Intro - Hierarchical Longest Chain Rule

A blockchain network decides which block to consider valid through a process called consensus. Bitcoin uses Nakamoto consensus which determines the correct chain by the one with the most amount of work done on it. Ethereum uses modified GHOST consensus which factors in the production of stale or “uncle” blocks into the consideration of longest chain.

Hierarchical Longest Chain Rule follows similar mechanisms to Nakamoto & GHOST with additional constraints of child chain organization. This set of decisions comes down to a fairly simple outcome: the parent chain always wins.

HLCR derives its usefulness through coordinating decision making in hierarchical distributed systems. To illustrate the multi-ploy process in a more familiar domain, consider the allocation of a companies budget to various departments, which in turn allocate to individual employees. In this scenario the company must consider the immediate gains of the top-down decision with the known input of the individual employees. The approach to solving the above type of multi-ploy decision problem is known as multi-level programming.

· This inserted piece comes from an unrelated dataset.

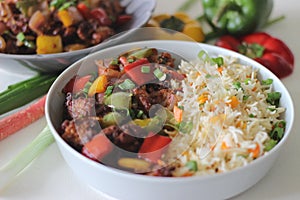 Vegetable Carrot Fried Rice with Indian spices served along with chilly chicken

In the event of conflicting decisions within the hierarchy, tie-breaking between subgraphs occurs through performing a branch and bound algorithm on the known space. In HLCR this branch and bound algorithm is a maximization function of the work performed within the subtree. This multi-ploy optimization function allows for coordinated finality across the hierarchy since a dominant chain can flip between decision states based on knowledge of greater subordinate work up until the point a block has been built upon it.

Head Choice Resolution Examples

Let’s consider the scenario of a single parent and child chain relationship. Here two different blocks are competing to be included in the Z1 chain.

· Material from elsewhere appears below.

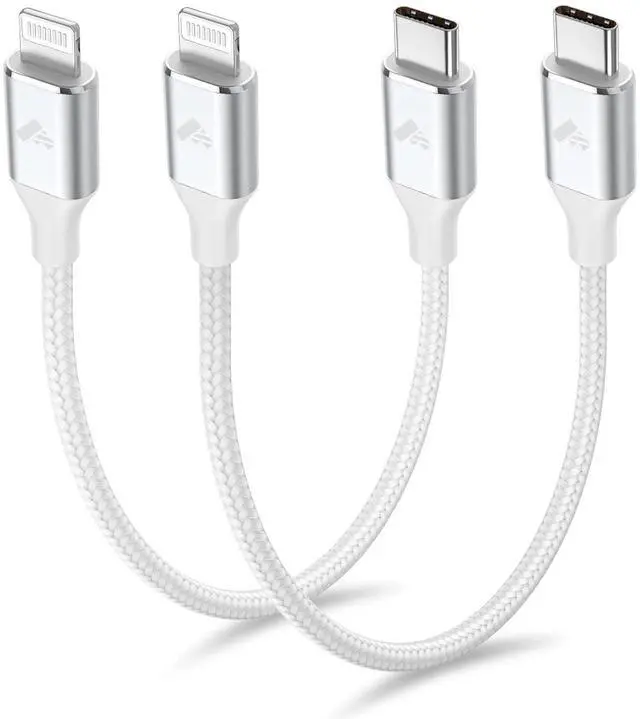 Main image of 2Pack Short USB C to Lightning Cable 1ft PD USB C to iPhone Charger Cable MFi Certified Nylon Braided Short iPhone Charger Cord Fast Charging for iPhone 14 13 12 11 Pro Max XR XS X 8 Plus SE iPad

The two blocks have been created such that Z1* #8 is also a block in Region while the Z1 #8 is a sole Zone block. Following the ruleset that the parent chain always wins, the canonical block would become Z1* #8 since it is a subordinate of R1 #3. This in turn uncles the Z1 #8 block.

Consider a fork within a dominant chain at block #2 for R1 and R1*. The fork has subordinate extensions up to Z1 #4 and Z1* #7 respectively. HLCR dictates that R1* #2 would be canonical due to the heavier subordinate extension at Z1* #7.

Based on network latencies and the extent to which R1 #2 was perceived as canonical, there exists a non-zero subset of blockchain nodes that will need to synchronize to the R1* #2 and Z1* #7 chains. In this process of synchronization the R1 #2 block and its subordinate extension to Z1 #4 will be marked as uncles and considered non-canonical.

Conclusion

The rulesets defined in BlockReduce and HLCR can be generalized across a multi-level hierarchy such that many shards can individually achieve consistency as network level consensus is delayed. Along with individual consistency, strict topological ordering is applied via HLCR such that shards have proper global order while running in parallel. The decoupling of consistency and consensus allows for a multi-threaded approach to blockchain scalability that is truly one of a kind.